I arose, on my last day in Exmoor, to a dank, drizzly morning, so a sunrise was out of the question. After packing up the tent in the rain, always a delightful job, I drove to Porlock Weir so I could begin a spot of rambling along the South West Coast Path.
By the time I arrived it was starting to brighten up a bit, with the morning sunshine appearing through the ever thinning clouds. I parked up, and strapping on my camera bag, I took the little track to the coastal path. I was only walking a tiny fraction of it, the entire length of the path is 630 miles, the longest in England, and stretches from Minehead, around the coasts of Devon and Cornwall, all the way to Pool in Dorset. And because it rises and falls with every river mouth, the total height climbed, if you were to complete the route, has been estimated at 114,931 feet, almost four times the height of Everest. I wasn’t about to do that.
|If you wanted to knock half a mile of the walk to Culbone, then you can drive through Worthy Combe Toll.|
|A little tunnel that separates Porlock and Culbone|
The woods around the village are home to the rare Sorbus vexans, a microspecies of self-cloning Sorbus trees which are only found in the coastal area between Culbone and Trentishoe in Devon. It is among the rarest trees in Britain. Not that I knew what it looked like, so whether I saw any or not I will never know.
|The pathway is rather picturesque, and despite the added effort of carrying my |
camera gear, I was glad I brought it along.
At some point in 1798, Samuel Taylor Coleridge came along here, having walked all the way from his cottage, about 20 miles away in the Quantock Hills, where he was living with his wife and child. He often did this trip with his friends William and Dorothy Wordsworth, the three of them thinking nothing of walking 40 or 50 miles within a couple of days. On this particular occasion, Coleridge was alone and spent the night at Ash Farm, up the combe from Culbone. And there, that night, he began his great poem ‘Kubla Khan’, composed in a sort of reverie brought on by two grains of opium.
|The edge of the path drops steeply away down to the Bristol Channel far below.|
It is thought perhaps the woodland around Culbone may have inspired some of his lines, as the stretch of copse between Porlock and Culbone is incredibly atmospheric. With dense, twisted moss covered trees, perched on a steep incline, and a thick canopy overhead, it’s not difficult, even on a sunny day, to feel a sense of the enclosed, ancient character of the place.
|Here's a few shots I took of the almost primeval looking forest.|
After struggling along the path that seemed to go forever upwards, I finally caught a glimpse of the church between the foliage and made my way to it. The church is surrounded by trees and a nearby are a couple of houses, all that remains of the village, and although there were a handful of walkers about, in their brightly coloured jackets as usual, it was still very peaceful indeed.
I had a bit of a sit down in the cool air, waiting for the church to be vacated, it is a small church afterall, although it’s not as small as Widford church, just outside Burford, which is still in use itself, so I’m not quite sure what the criteria are for smallest parish church in England.

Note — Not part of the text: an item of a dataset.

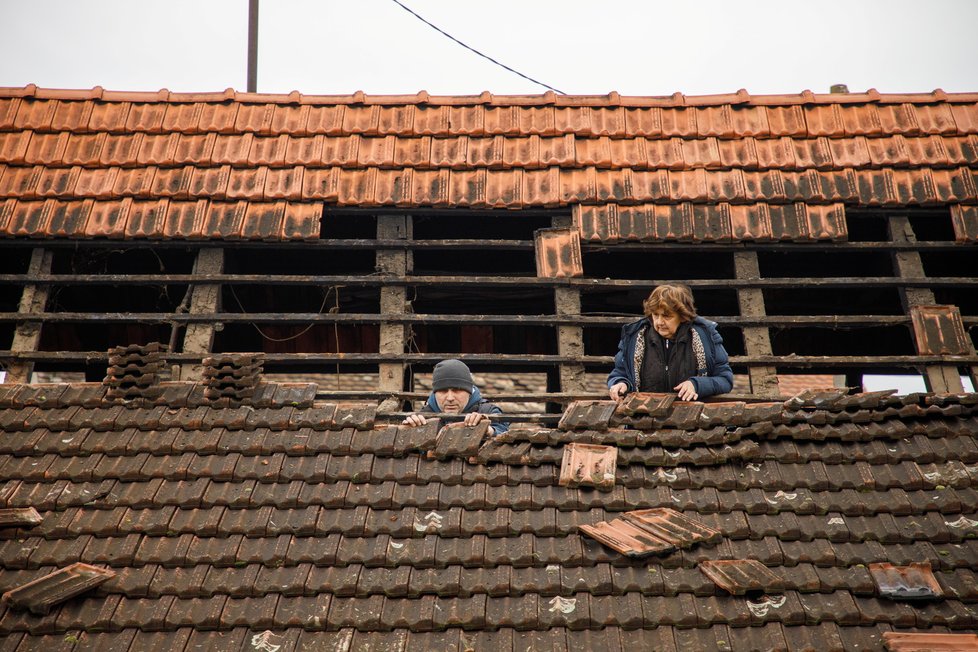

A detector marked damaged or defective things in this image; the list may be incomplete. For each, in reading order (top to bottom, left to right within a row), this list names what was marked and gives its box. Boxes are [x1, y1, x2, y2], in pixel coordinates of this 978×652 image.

The name Culbone is thought to indicate a Celtic religious site, and is a corruption of Kil Beun, or Church of St. Beuno, pronounced 'Bayno.' He was a famous Welsh saint, born in the late 6th century. On Culbone Hill 2 miles to the south-west (on private land) stands the 1 metre high ‘Culbone Stone’ once part of a stone row that stood close by. Carved on the stone is an incised wheel-cross that dates from the 7th-9th century AD, the stone itself being of pre-historic origins. St Beuno probably preached at this stone when he lived for a while in the valley before starting his missionary work in mid and north Wales.
|A view of the church in all it's miniature glory.|
The church is recorded in the Domesday Book of 1086 and is almost certainly pre-Norman. While the body of the church is at least 11th century if not older, the porch is probably 13th century, and the nave was rebuilt in the 15th century. Inside are box pews, including a 17th century pew for the squires of nearby Ashley Combe House.
|The interior of the church.|
Once I’d had a look around, I made my way back along the coastal path to the car and bid farewell to Exmoor, not for too long though I hope.